Visited the last day of the Gainsborough Landscapes exhibition at the Holburne Museum last weekend. A small but very interesting exhibition, surveying Gainsborough’s landscape output, his antidote to the drudgery of portrait painting.
This was a revisit for me, just to give them all another look before they travel on to Compton Verney. The exhibition comprised half a dozen large oil paintings, from all stages of his career, and several small sketches, putting the larger works into context.The sketches were done using a variety of media and supports, including chalk, graphite, watercolour and oil, some varnished, on paper, board and canvas. Quite a varied use of media.
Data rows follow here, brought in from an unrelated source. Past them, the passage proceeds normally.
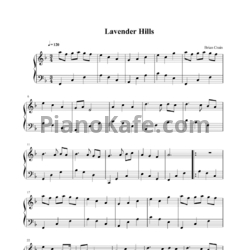 Ноты Brian Crain - Lavender hills - предпросмотр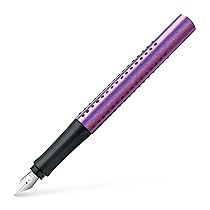 Faber-Castell 140841 – Penna stilografica Grip Edition Glam, pennino di larghezza F, 1 pezzo, colore: Viola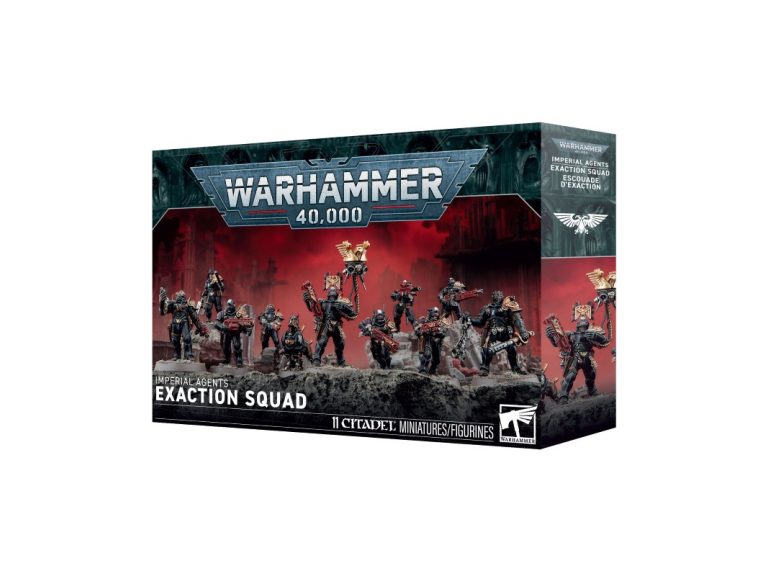 Caja oficial de la Escuadra de Exacción Warhammer 40k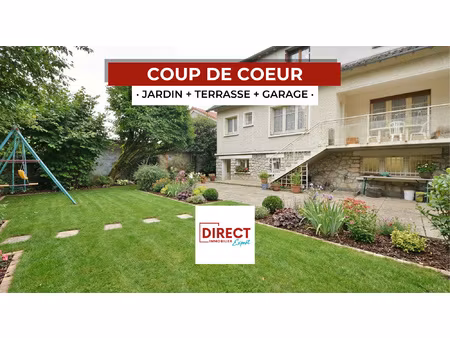 maison 6 pièces 150 m2 + jardin 375 m2 + garage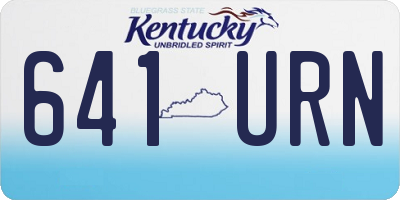 KY license plate 641URN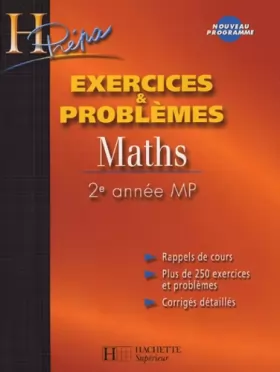 Couverture du produit · Maths 2e année MP : Exercices et problèmes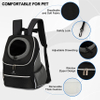Front Dog Carrier Backpack,Adjustable Pet Cat Travel Backpack with Buckles Breathable Mesh Backpack for Small Medium Dog Puppy Cat Pet Bag RJ20691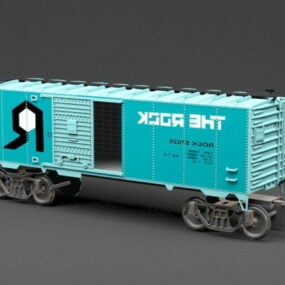 نموذج عربة القطار ثلاثي الأبعاد
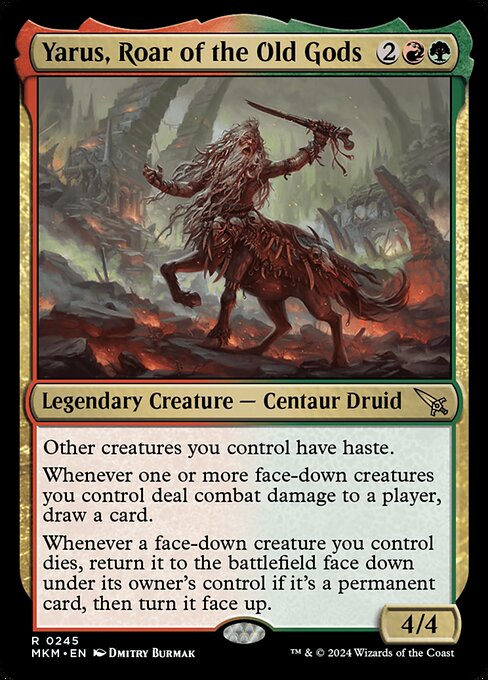 Yarus, Roar of the Old Gods - Promo Pack: Murders at Karlov Manor - R - 245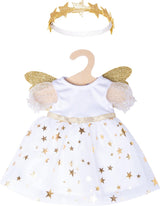 Heless Doll Dress Angel med stjerner, 28-35 cm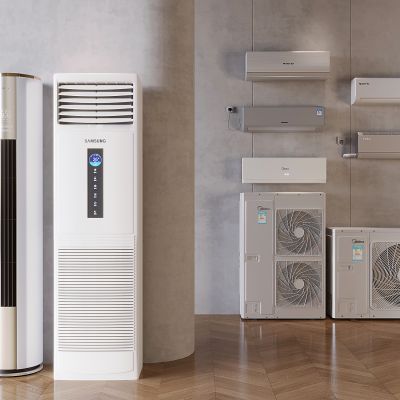 现代空调 立式空调 空调外机 墙挂式空调 圆柱空调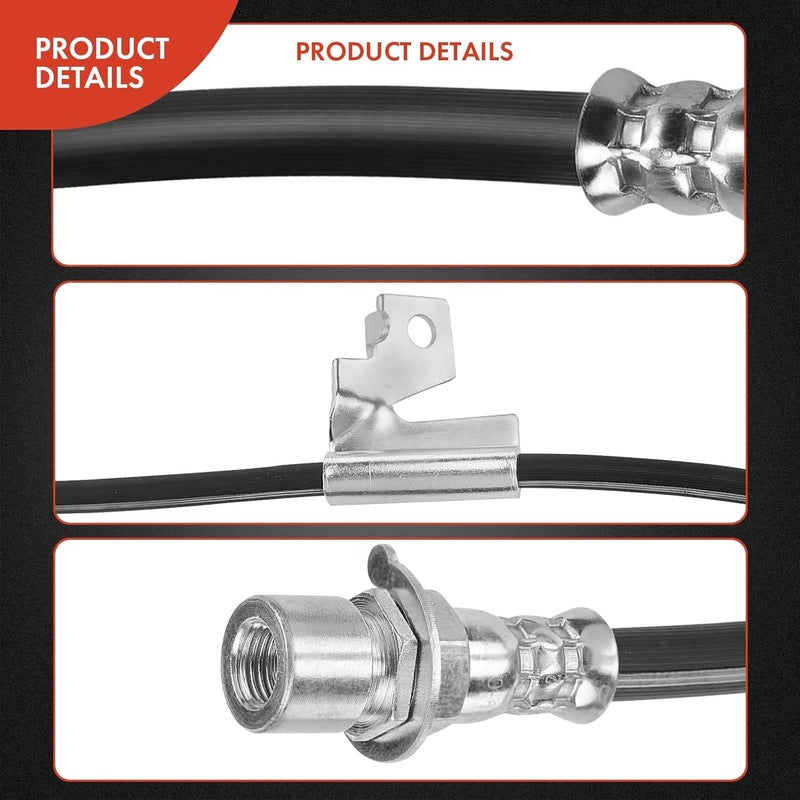 A-Premium Front Passenger Side Brake Hydraulic Hose - Image 5
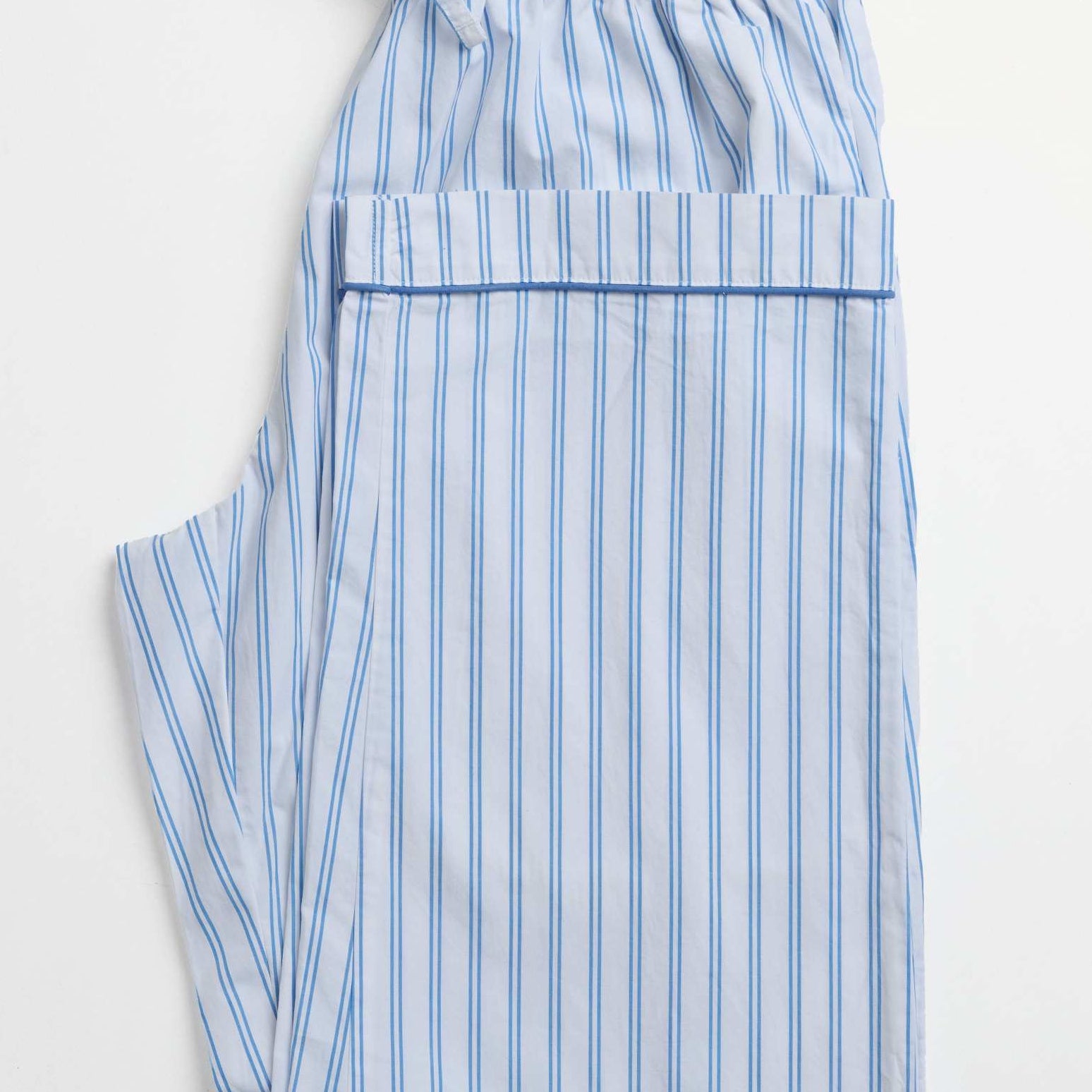 Adult Blue French Stripe PJ Bottoms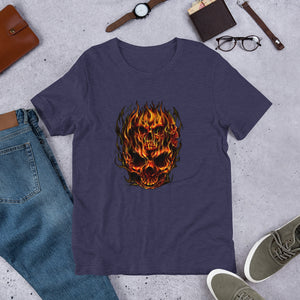 Skulls on Fire Unisex Eco T-Shirt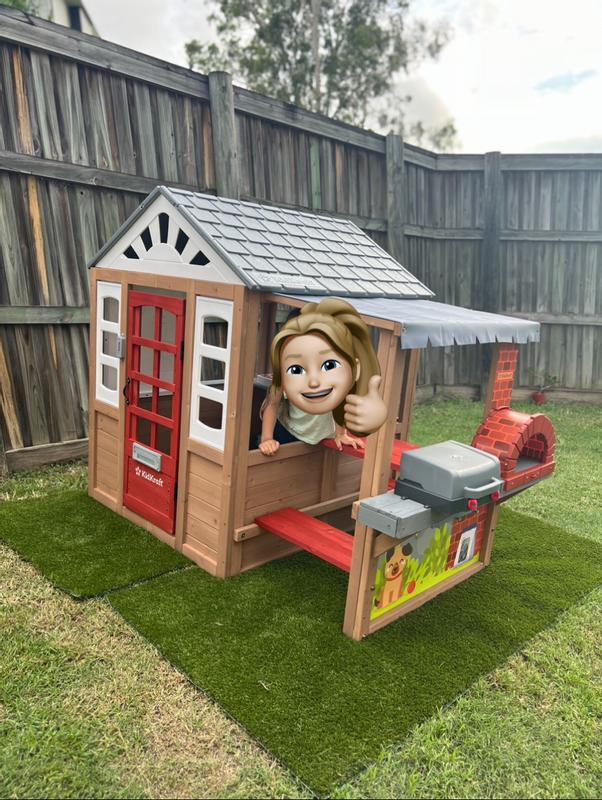 KidKraft Grill & Chill Pizza Party Wooden Outdoor Playhouse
Technically the oil paintings progress from a light and thin brushmark at the beginning of his career, to a darker, more heavily textured mark at the end. All the paintings display a technical mastery, and a detailed and accurate, if idealised or imagined, observational representation of rural landscape. However, stylistically they moved from a calmer, classical atmosphere in his early work, toward a darker, Romantic atmosphere in the his work. I even felt a John Martin-esque quality in his depiction of panoramic landscape and aerial atmosphere in the last work on display. In common with many artists at the end of the C18/beginning of the C19 Gainsborough travelled to the Lake District to come face to face with the sublime, and the awe-inspiring and threatening beauty of wild and rugged Cumbria; its lakes, mountains and waterfalls. A very good exhibition of rich and diverse work, placing the main work in an informative context.
Across the landing is a room full of his portrait paintings, many full-size, and it is interesting to compare these paintings from which he earned his living and reputation with his more personal landscape works.